(DATA SHOWN)

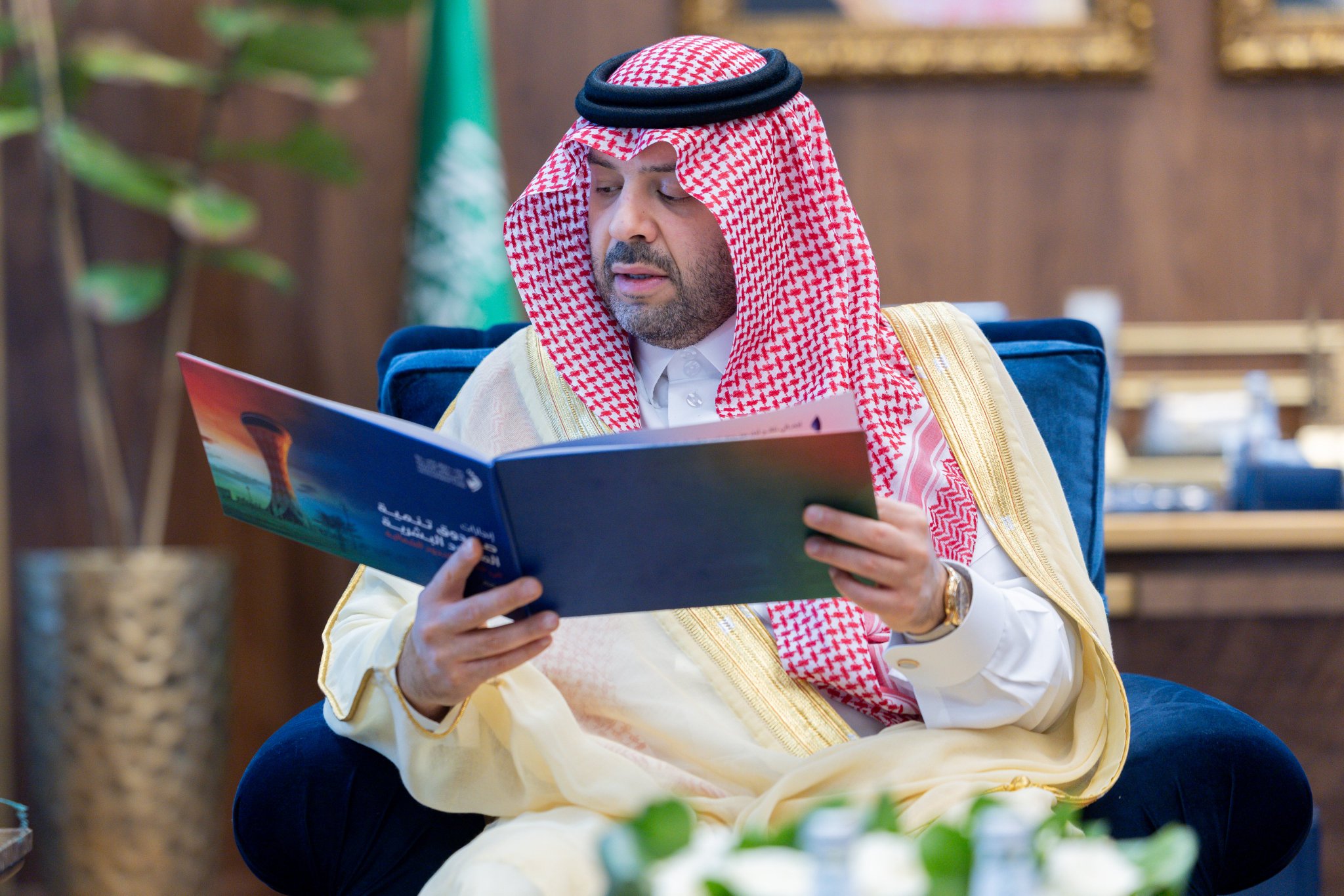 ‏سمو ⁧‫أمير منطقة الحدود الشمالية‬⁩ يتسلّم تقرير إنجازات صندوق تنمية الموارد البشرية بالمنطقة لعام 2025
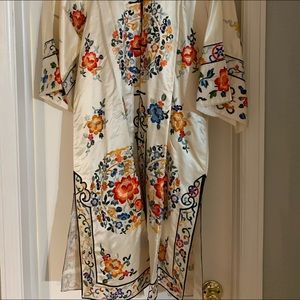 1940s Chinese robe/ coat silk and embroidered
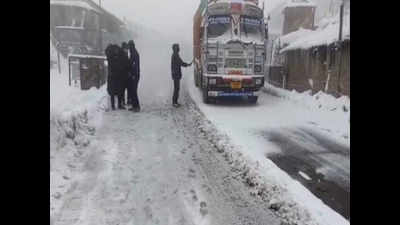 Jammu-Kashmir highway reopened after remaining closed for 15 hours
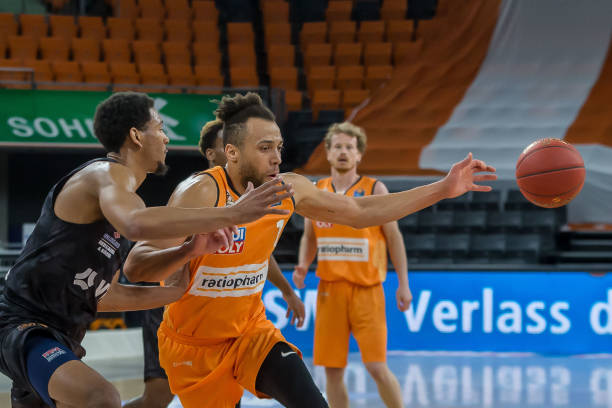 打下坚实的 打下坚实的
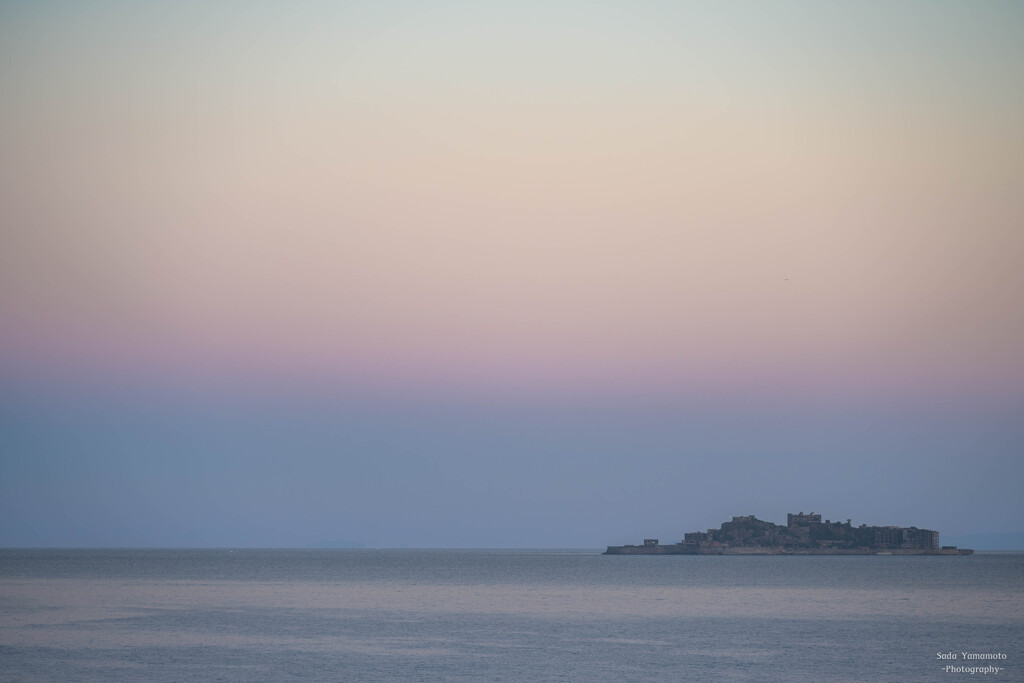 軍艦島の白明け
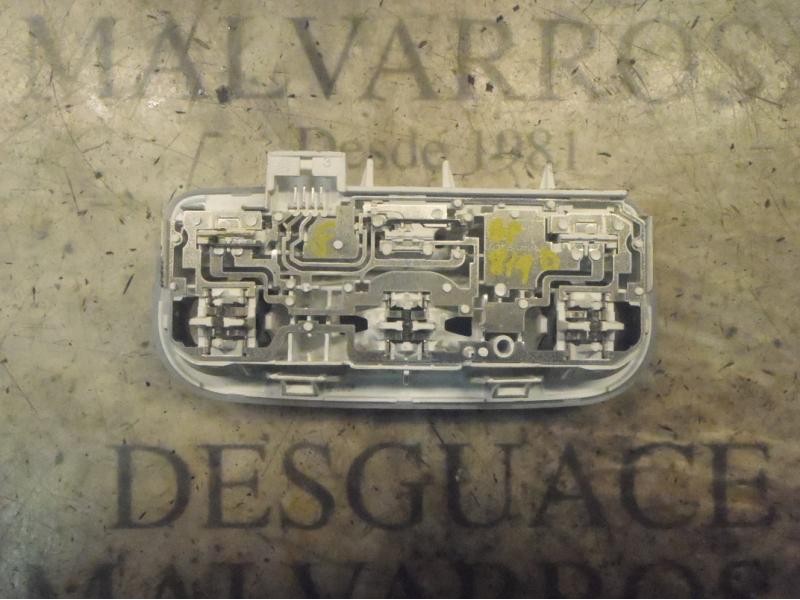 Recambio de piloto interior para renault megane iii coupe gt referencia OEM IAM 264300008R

(End DATA SHOWN)

> **PROBLEM TO SOLVE**:
Please retype every record above exactly, leaving out the pictures.

> **YOUR RESPONSE**:
 ‏سمو ⁧‫أمير منطقة الحدود الشمالية‬⁩ يتسلّم تقرير إنجازات صندوق تنمية الموارد البشرية بالمنطقة لعام 2025
 1940s Chinese robe/ coat silk and embroidered
 Jammu-Kashmir highway reopened after remaining closed for 15 hours
 打下坚实的 打下坚实的
 軍艦島の白明け
 Recambio de piloto interior para renault megane iii coupe gt referencia OEM IAM 264300008R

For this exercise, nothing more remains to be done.